Efficient Particle-Pair Interactions Calculation


I have an N-body simulation that generates a list of particle positions, for multiple timesteps in the simulation. For a given frame, I want to generate a list of the pairs of particles' indices (i, j) such that dist(p[i], p[j]) < masking_radius. Essentially I'm creating a list of "interaction" pairs, where the pairs are within a certain distance of each other. My current implementation looks something like this:

interaction_pairs = []

# going through each unique pair (order doesn't matter)
for i in range(num_particles):
    for j in range(i + 1, num_particles):
        if dist(p[i], p[j]) < masking_radius:
            interaction_pairs.append((i,j))

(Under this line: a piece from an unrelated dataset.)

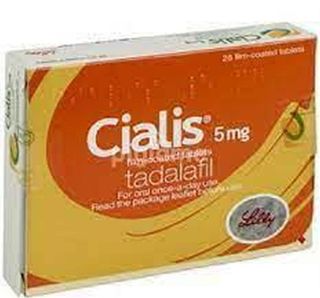 Cialis Tadalafil 5mg Tablets, 30 Count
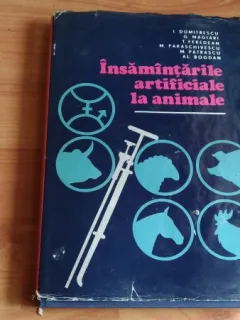 INSAMINTARILE ARTIFICIALE LA ANIMALE-I. DUMITRESCU -G. MAGIARI SI ALTII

Because of the large number of particles, this process takes a long time (>1 hr per test), and it is severely limiting to what I need to do with the data. I was wondering if there was any more efficient way to structure the data such that calculating these pairs would be more efficient instead of comparing every possible combination of particles. I was looking into KDTrees, but I couldn't figure out a way to utilize them to compute this more efficiently. Any help is appreciated, thank you!


Solution

  • Since you are using python, sklearn has multiple implementations for nearest neighbours finding: http://scikit-learn.org/stable/modules/neighbors.html

    There is KDTree and Balltree provided.

    As for KDTree the main point is to push all the particles you have into KDTree, and then for each particle ask query: "give me all particles in range X". KDtree usually do this faster than bruteforce search. You can read more for example here: https://www.cs.cmu.edu/~ckingsf/bioinfo-lectures/kdtrees.pdf

    If you are using 2D or 3D space, then other option is to just cut the space into big grid (which cell size of masking radius) and assign each particle into one grid cell. Then you can find possible candidates for interaction just by checking neighboring cells (but you also have to do a distance check, but for much fewer particle pairs).